### SUPPLIED ENTRIES
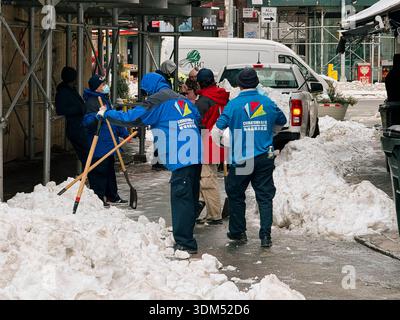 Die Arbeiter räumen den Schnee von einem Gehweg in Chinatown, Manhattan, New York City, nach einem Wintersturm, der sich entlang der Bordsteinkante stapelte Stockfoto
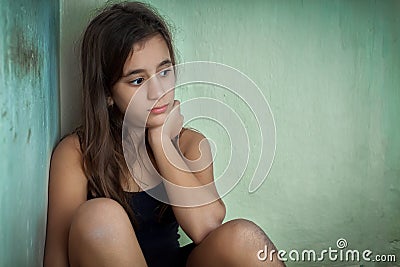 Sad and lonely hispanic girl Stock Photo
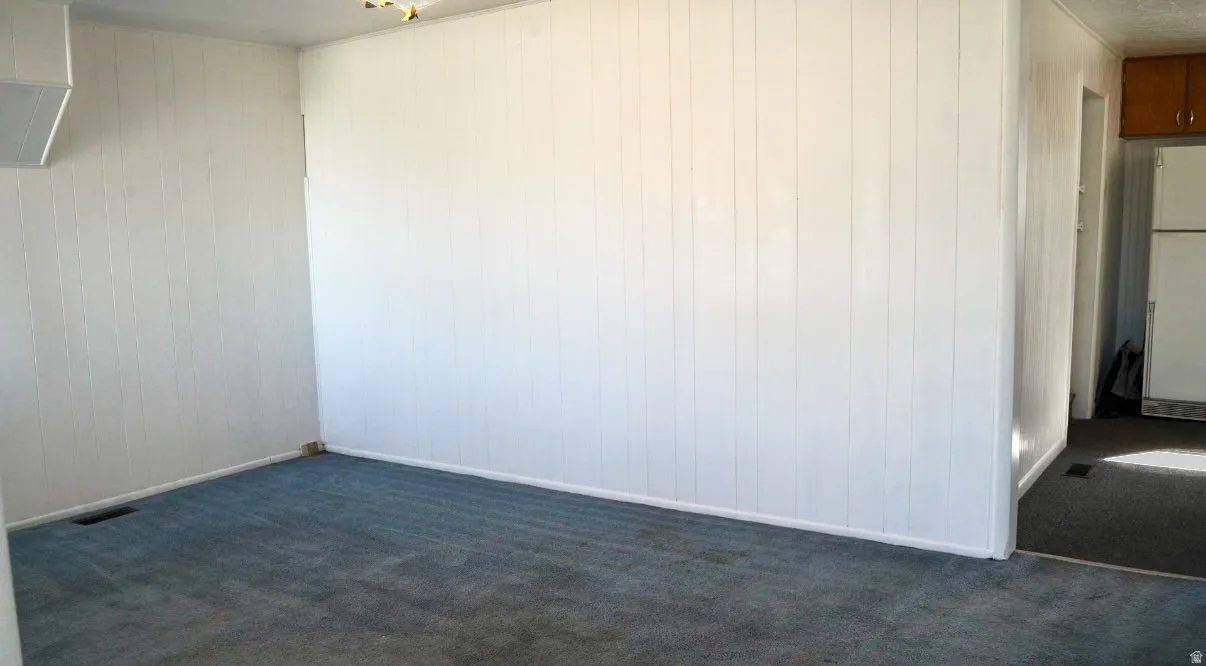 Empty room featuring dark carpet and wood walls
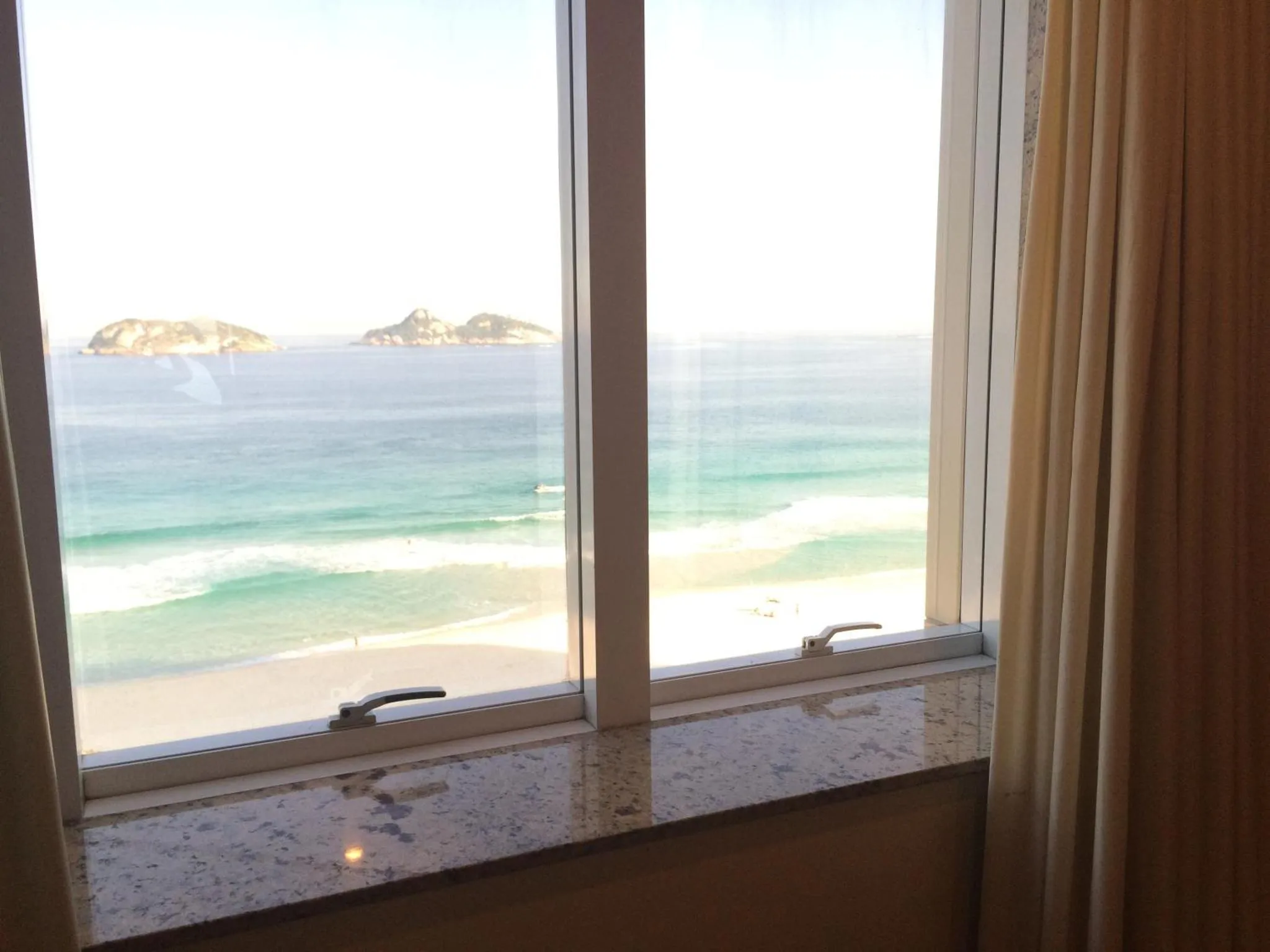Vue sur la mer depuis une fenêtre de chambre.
* * *
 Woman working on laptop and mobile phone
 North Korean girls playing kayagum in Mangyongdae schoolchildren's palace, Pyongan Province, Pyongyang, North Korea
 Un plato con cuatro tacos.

### ABOUT THIS EXERCISE
The output is the stretch above from the line with "Sad and lonely hispanic girl Stock Photo" through the line with "Vue sur la mer depuis une fenêtre de chambre.", copied word for word with both ends kept and every picture dropped.

### THE ANSWER
 Sad and lonely hispanic girl Stock Photo
 Empty room featuring dark carpet and wood walls
Vue sur la mer depuis une fenêtre de chambre.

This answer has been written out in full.